What you have to do
From the listing below, please restate exactly the lines beginning at the one with "[国一]语文-巅峰阅读训练 初中通用 [正版]初中语文巅峰阅读训练国一八九年级现代文阅读理解答题模板人教版初一初二初三阅" and ending at the one with "Image of Caterpillar.", both included, and skip the pictures.

Entries provided
+ + + + + + +

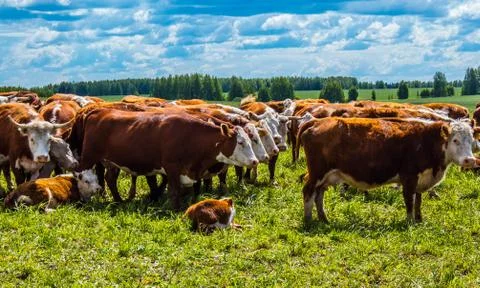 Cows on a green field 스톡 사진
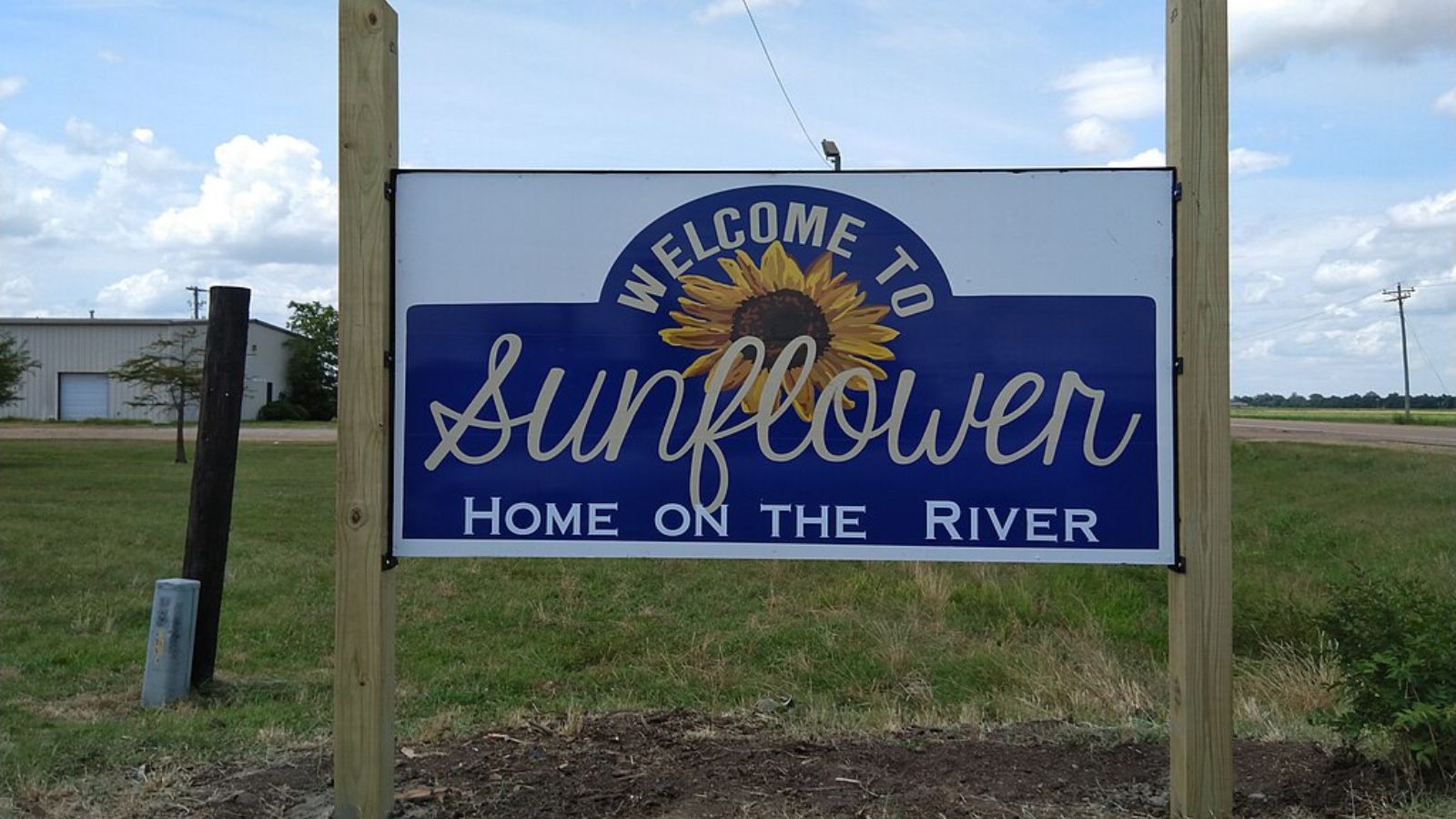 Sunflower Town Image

+ + + + + + +

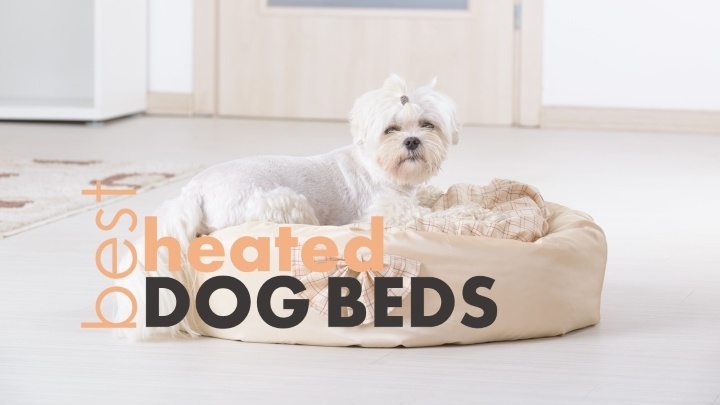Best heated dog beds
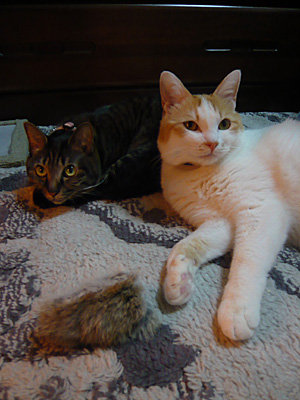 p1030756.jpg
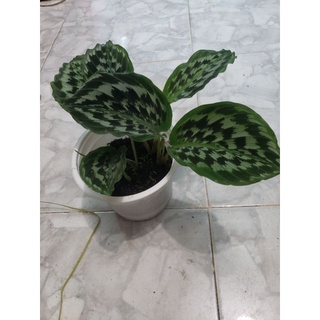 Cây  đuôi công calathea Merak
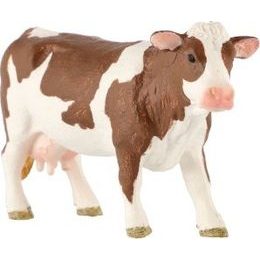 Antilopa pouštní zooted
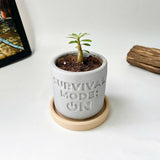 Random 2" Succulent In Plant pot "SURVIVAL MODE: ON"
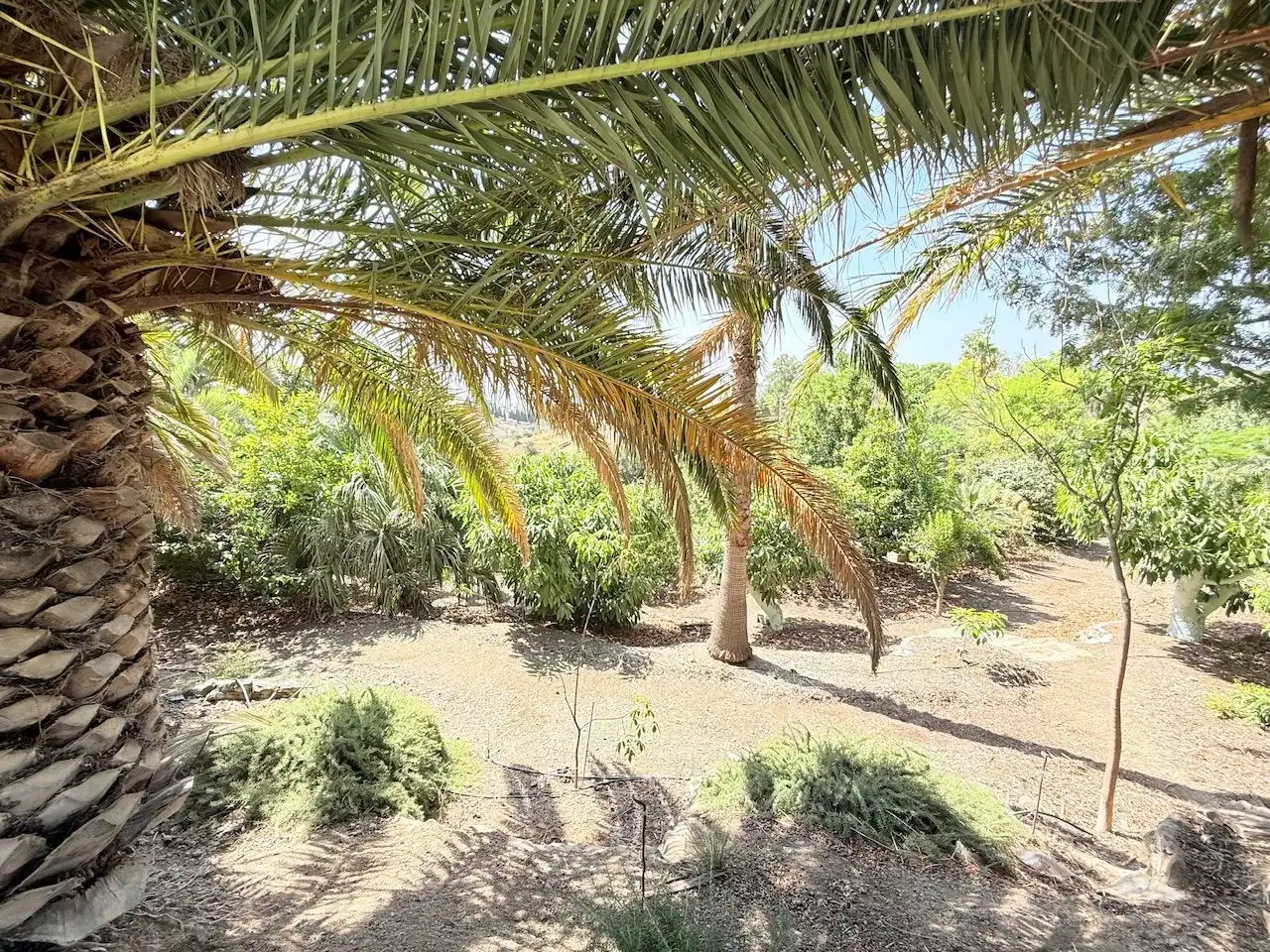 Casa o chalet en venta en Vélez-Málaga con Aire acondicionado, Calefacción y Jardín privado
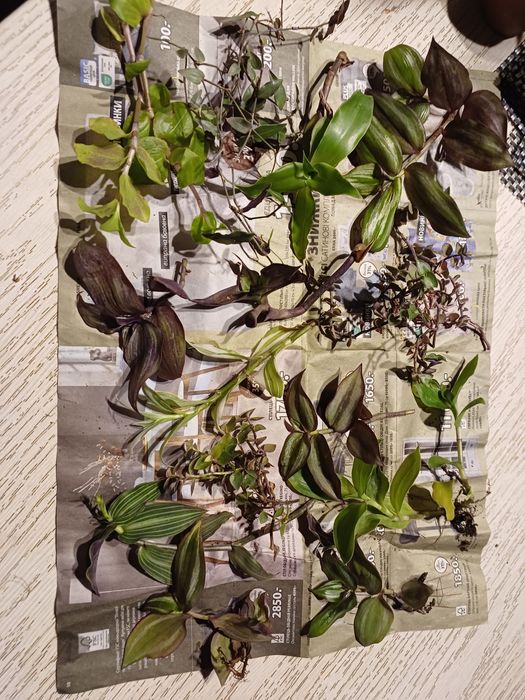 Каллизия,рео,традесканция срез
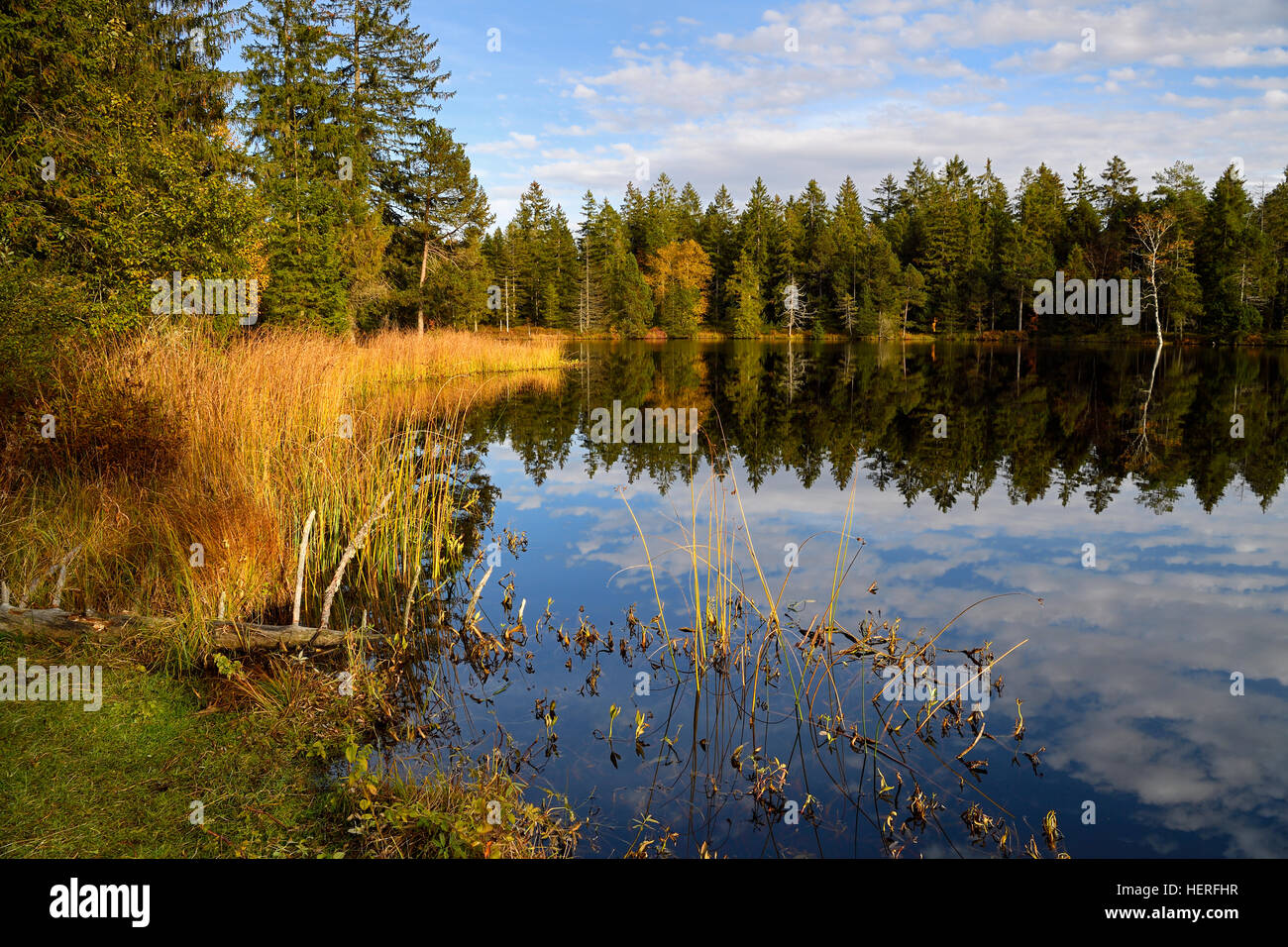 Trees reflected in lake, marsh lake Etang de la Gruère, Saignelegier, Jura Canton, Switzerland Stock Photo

+ + + + + + +

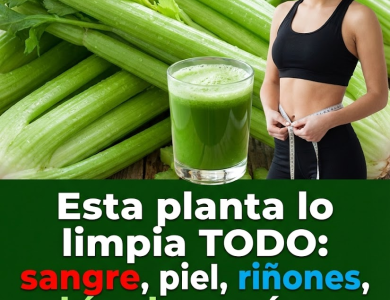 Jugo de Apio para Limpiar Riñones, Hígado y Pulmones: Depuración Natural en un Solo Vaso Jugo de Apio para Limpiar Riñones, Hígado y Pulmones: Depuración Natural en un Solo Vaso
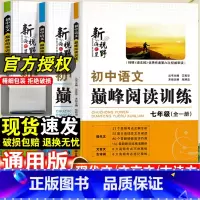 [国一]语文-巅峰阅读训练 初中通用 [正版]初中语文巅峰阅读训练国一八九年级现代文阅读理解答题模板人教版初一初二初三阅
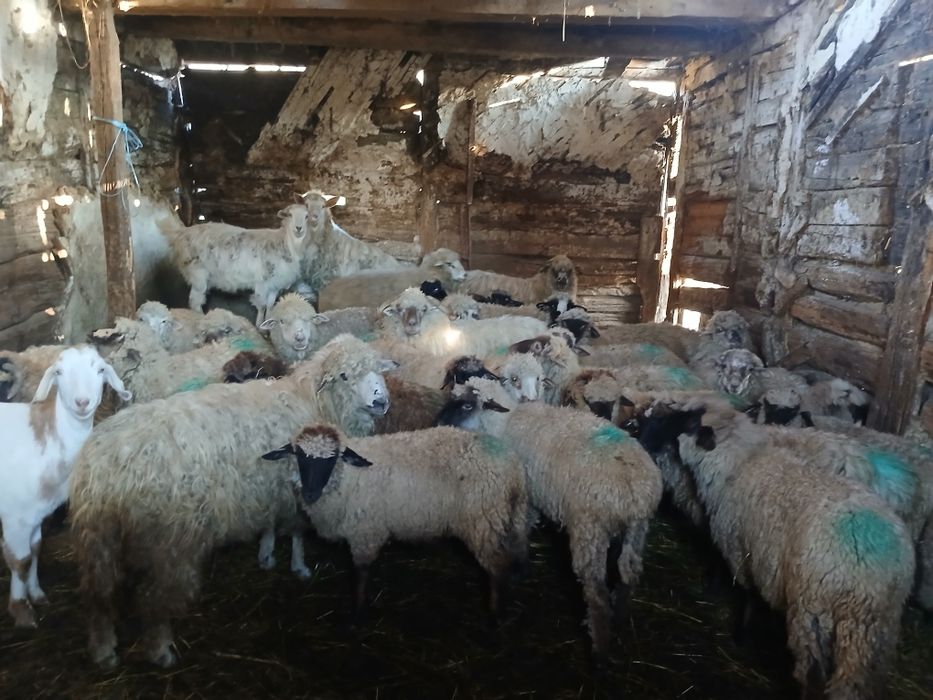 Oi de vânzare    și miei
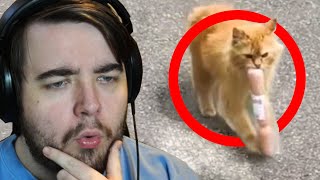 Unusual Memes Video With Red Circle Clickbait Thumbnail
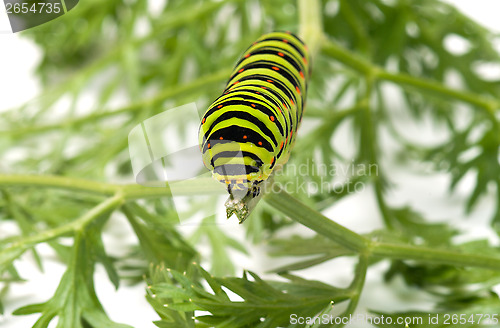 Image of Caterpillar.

+ + + + + + +

Exercise solution
 [国一]语文-巅峰阅读训练 初中通用 [正版]初中语文巅峰阅读训练国一八九年级现代文阅读理解答题模板人教版初一初二初三阅
 Oi de vânzare    și miei
 Unusual Memes Video With Red Circle Clickbait Thumbnail
 Image of Caterpillar.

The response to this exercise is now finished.